A few notes about the key ingredients …

Boneless chicken thighs – Boneless chicken thighs will bring the best flavour and texture to the finished shawarma. Boneless chicken breasts could be used, but be sure not to over-cook to avoid drying them out.

Rice – You can use long-grain rice, Jasmine rice or basmati rice. I prefer basmati myself. You could also sub for cauliflower rice.

Tomatoes and Cucumber – Tomatoes and cucumber are typical toppings. You can use halved cherry tomatoes or chopped larger tomatoes.

Feta cheese – I love the addition of feta cheese to these bowls, but cheese it totally optional.

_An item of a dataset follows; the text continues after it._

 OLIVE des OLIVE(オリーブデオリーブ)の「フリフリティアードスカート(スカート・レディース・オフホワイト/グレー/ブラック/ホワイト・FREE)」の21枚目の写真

Fresh Parsley – Lots of fresh parsley is great with the flavours of shawarma bowls.

Yogurt – You can use either Greek or regular plain yogurt. The Greek yogurt sauce will be thicker.

How to make a chicken shawarma bowl

This is a summary of the steps to make this recipe. Always refer to the complete recipe instructions and ingredient list in the Recipe Card below.

Chicken shawarma marinade ingredients in a small bowl.
1
Chicken shawarma marinade after mixing.
2
Marinade added to chicken thighs in zipper bag.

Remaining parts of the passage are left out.